*** Data section ***

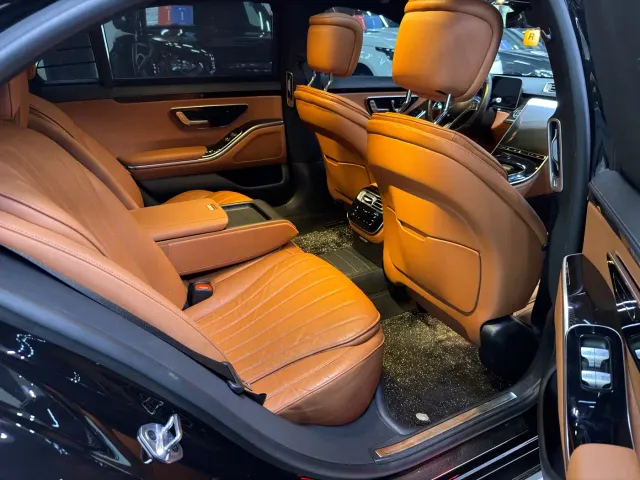 Mercedes-Benz S-Class — Фото автомобиля 9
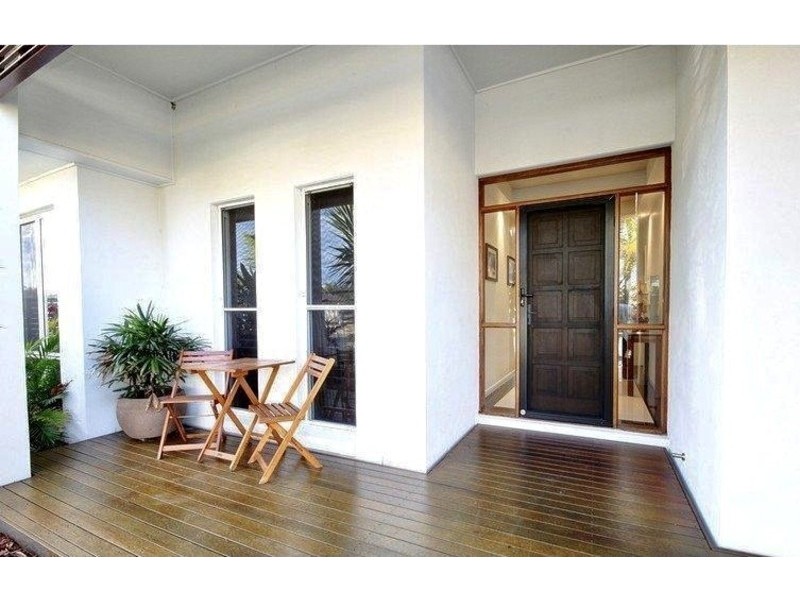 Sandstone Point QLD 4511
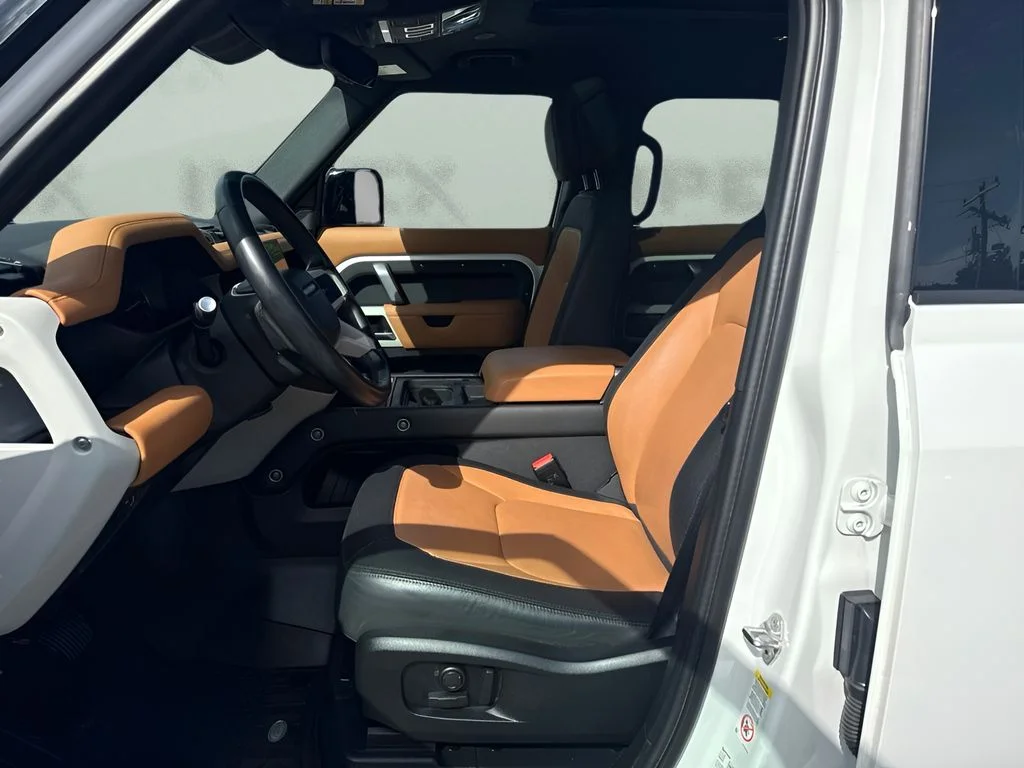 Used 2023 White Land Rover X-Dynamic SE image 5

*** End of Data section ***

*What the exercise asks*. From the first line to the last, write out the data exactly, dropping any pictures.

*Written response*.
 Mercedes-Benz S-Class — Фото автомобиля 9
 Sandstone Point QLD 4511
 Used 2023 White Land Rover X-Dynamic SE image 5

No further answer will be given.